Well hello again Nigel! Welcome back to PD. 
Thanks!
wow. That’s a lot of really interesting stuff that is weirdly relevant to me! (I could probably be a damned case study in your epigenetics thing, and maybe unrelatedly???my sleep cycle is so broken that I just last night double-dosed on sedatives and only slept two hours despite desperately aiming for 7+.)
Anywhere you’re putting any of this out, or is it more of a general research (as opposed to scientific or academic) or saving for publication sorta deal right now? I’d love to read more about it all, as I said, it’s almost creepily relevant to my life.
My first incredibly boring paper on circadian-relevant hormonal pathways will be published as a collaboration sometime next year, but since I just transitioned from basic research to epidemiology last Fall, it's gonna be a while before any of my current work is published. In the meantime, this paper may be of interest to you (let me know if you're unable to access it and I'll see if I can find a version that isn't behind a paywall, it's not always clear whether it's paywalled or not on my end):
https://www.ncbi.nlm.nih.gov/pubmed/31026301Hey, Nigel, awesome! If you ever want to talk to someone with severe social deficiencies, assloads of developmental stress as well as a tendency to go nocturnal, pm me.
Sounds like a laugh riot!
Seriously though, one of the reasons I'm so interested in this topic is that these issues you are experiencing are pervasive and increasing in our society. We tend to assume that health is driven by behavior, and it's just that in my behavioral neuroendocrinology training I started to see things the other way around.
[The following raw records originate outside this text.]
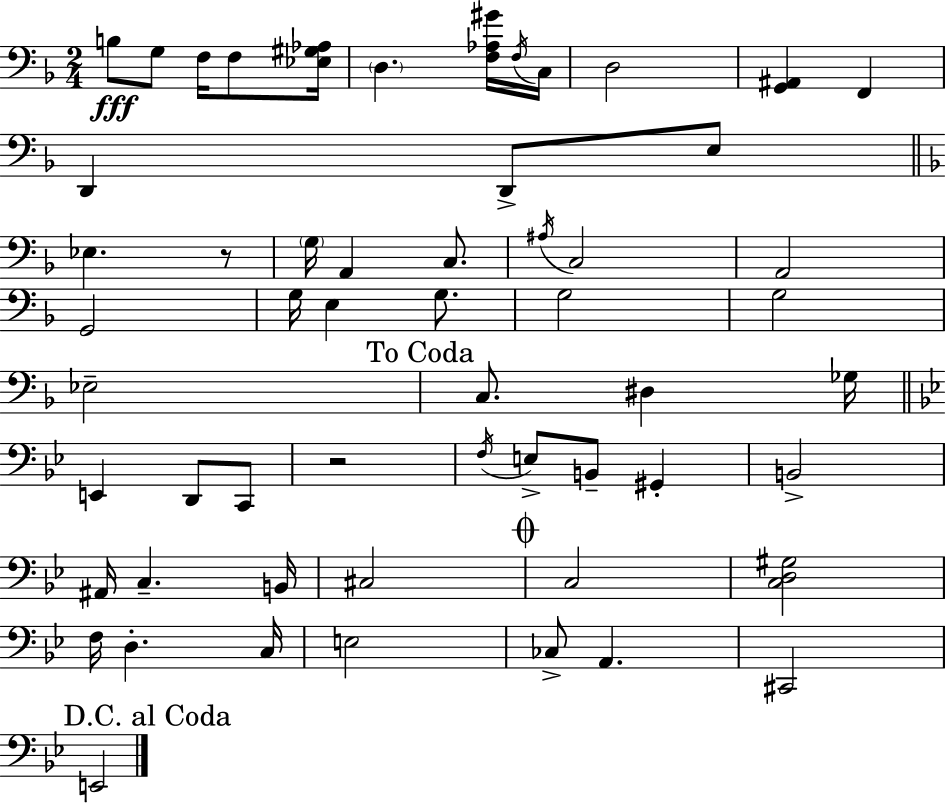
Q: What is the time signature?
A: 2/4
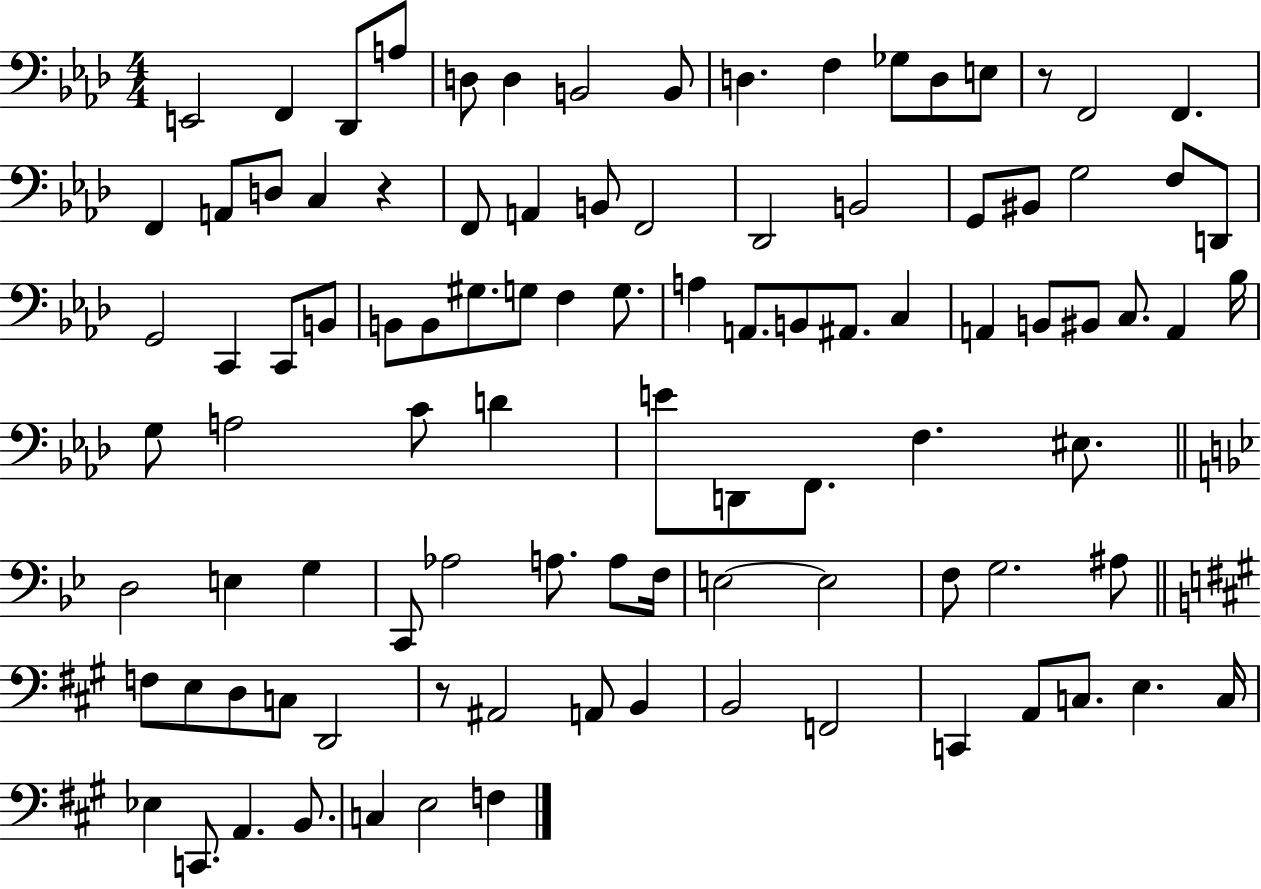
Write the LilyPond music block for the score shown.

{
  \clef bass
  \numericTimeSignature
  \time 4/4
  \key aes \major
  e,2 f,4 des,8 a8 | d8 d4 b,2 b,8 | d4. f4 ges8 d8 e8 | r8 f,2 f,4. | \break f,4 a,8 d8 c4 r4 | f,8 a,4 b,8 f,2 | des,2 b,2 | g,8 bis,8 g2 f8 d,8 | \break g,2 c,4 c,8 b,8 | b,8 b,8 gis8. g8 f4 g8. | a4 a,8. b,8 ais,8. c4 | a,4 b,8 bis,8 c8. a,4 bes16 | \break g8 a2 c'8 d'4 | e'8 d,8 f,8. f4. eis8. | \bar "||" \break \key bes \major d2 e4 g4 | c,8 aes2 a8. a8 f16 | e2~~ e2 | f8 g2. ais8 | \break \bar "||" \break \key a \major f8 e8 d8 c8 d,2 | r8 ais,2 a,8 b,4 | b,2 f,2 | c,4 a,8 c8. e4. c16 | \break ees4 c,8. a,4. b,8. | c4 e2 f4 | \bar "|."
}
I took last week off work to attend gardening horticulture classes at the local university, and one day I partook of a tour of the agriculture greenhouses.
At one point, the tour guide was showing off a greenhouse equipped with shades, and recounted how a researcher was having trouble getting a particular set of plants to flower, until she noted that the plants originated from Ecuador. So, they used the shades to produce a 50% day/night cycle, and the plants began flowering. (These greenhouses are above 52° N. Equal length days and nights aren't something we do here).
It would be interesting if individual (human) reactions to photoperiod was partially dependent on geographic origin. After all, lighter skin colour appears to be an adaptation to the amount of sunlight.
That is a very interesting question, and I wouldn't be surprised if that is true. After all, circadian clock programming is determined partially through DNA methylation, and differential DNA methylation may occur during pregnancy, priming the fetus' wake-sleep rhythms to match the mother's. Interestingly, the time of day you are born matters; night babies are at higher risk for bipolar disorder and schizophrenia than day babies, and there is evidence of circadian disruption in both those diseases.
One thing to keep in mind is that there is nowhere on earth a 16/8 photoperiod occurs naturally year-round.